* _WORK INSTRUCTIONS_:
Take the line containing "Sweat-shirt 'Happy' smiler. en jaune" and all lines after it, through the end of the material, and repeat them exactly, pictures left out.

* _DATA SHOWN_:

◆ ◆ ◆ ◆

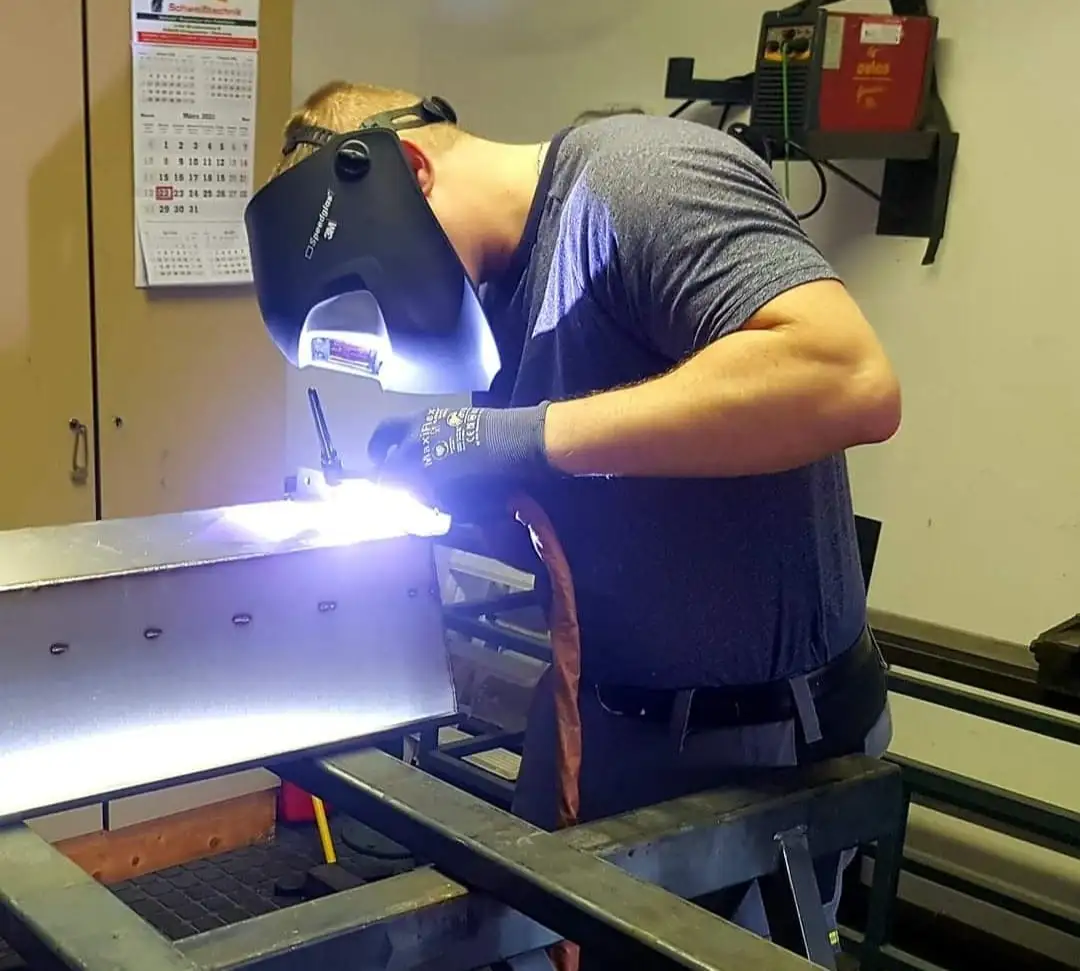 Alexander Blaschke schweißt in seiner Werkstatt an einem Stahlträger, heller Lichtbogen unter dem Schweißhelm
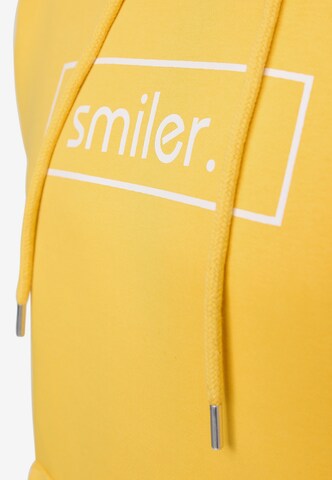 Sweat-shirt 'Happy' smiler. en jaune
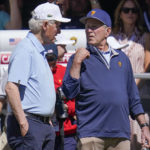 Former President's Bill Clinton, left and George W. Bush speak on the first tee during a fourball match at the Presidents Cup golf tournament at the Quail Hollow Club, Friday, Sept. 23, 2022, in Charlotte, N.C. (AP Photo/Julio Cortez)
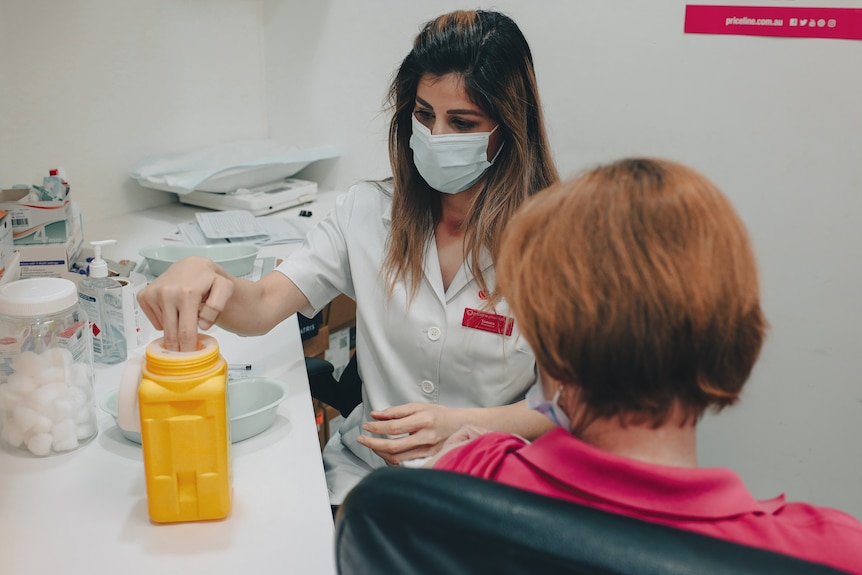 a masked pharmacist preparing a vaccine shot with a woman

◆ ◆ ◆ ◆

* _WRITTEN SOLUTION_:
 Sweat-shirt 'Happy' smiler. en jaune
 Former President's Bill Clinton, left and George W. Bush speak on the first tee during a fourball match at the Presidents Cup golf tournament at the Quail Hollow Club, Friday, Sept. 23, 2022, in Charlotte, N.C. (AP Photo/Julio Cortez)
 a masked pharmacist preparing a vaccine shot with a woman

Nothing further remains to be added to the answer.